Database Table Source¶
Centerprise Database Source provides the functionality to retrieve data from a database table. Additionally, Database Table Source provides change data capture functionality to perform incremental reads. Database Table sources supports multi-way partitioning which partition database table into multiple chunks and reads these chunks in parallel. This features brings about major performance increase for database reads. Database source enables you to specify where clause and sort order to control the result set.
Database Table Source provides incremental read functionality based in the concept of audit fields. Incremental read is one of the three change data capture approaches supported by Centerprise. Audit fields are fields that are updated when a record is created or modified. Examples of audit fields include created date time, modified date time, and version number.
Incremental read works by keeping track of the highest value for the specified audit field. On the next run, only the records with value higher than the saved value are retrieved.
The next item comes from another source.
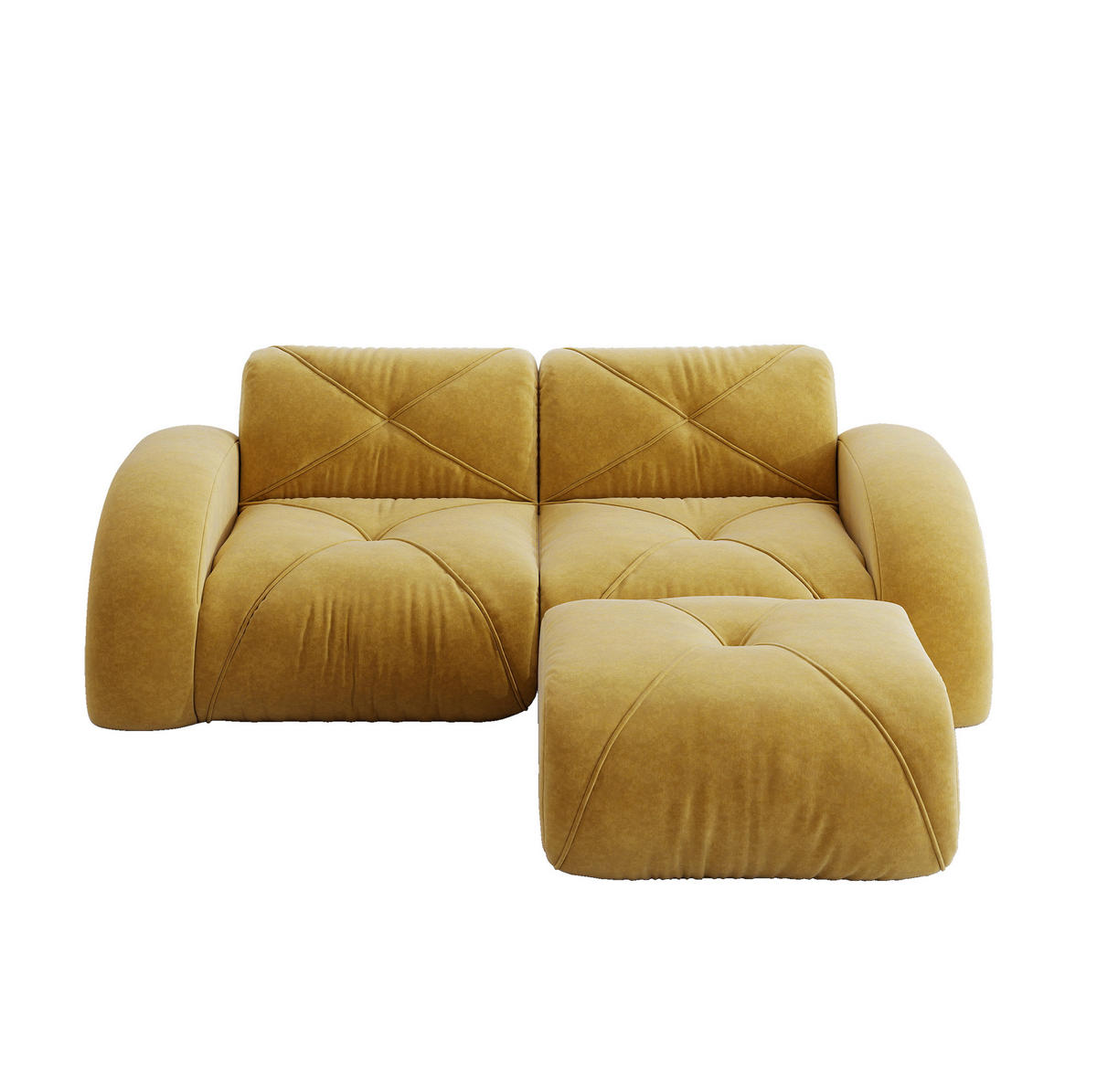 SOFA modular Chenille Gelb - Gelb, Kunststoff (171/204cm) - Meubliv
This feature is useful in situations where two applications need to be kept in sync and the source table maintains audit field values for rows.
Database Table Partitioning¶
Database table partitioning feature partitions database table in a number of user-specified chunks. These chunks are then retrieved in parallel to improve the overall throughput for the job. When combined with the highly parallel Centerprise engine, this feature substantially improves the performance of large data movement jobs. Partitioning is done by selecting a field and defining value ranges for each partition. At runtime, Centerprise generates and runs multiple queries against the source table and processes the result set in parallel.
Adding a database table source object allows you to transfer data from a database table. An example of what a database table source object looks like is shown below.
To configure the properties of a Database Table Source object after it was added to the dataflow, right-click on it and select Properties from the context menu. The following properties are available:
Source Connection screen – allows you to enter the connection information for your source, such as server name, database and schema, as well as credentials for connecting to the selected source.
Pick Source Table screen:
Select a source table using the Pick Table dropdown.
- Select Full Load if you want to read the entire table.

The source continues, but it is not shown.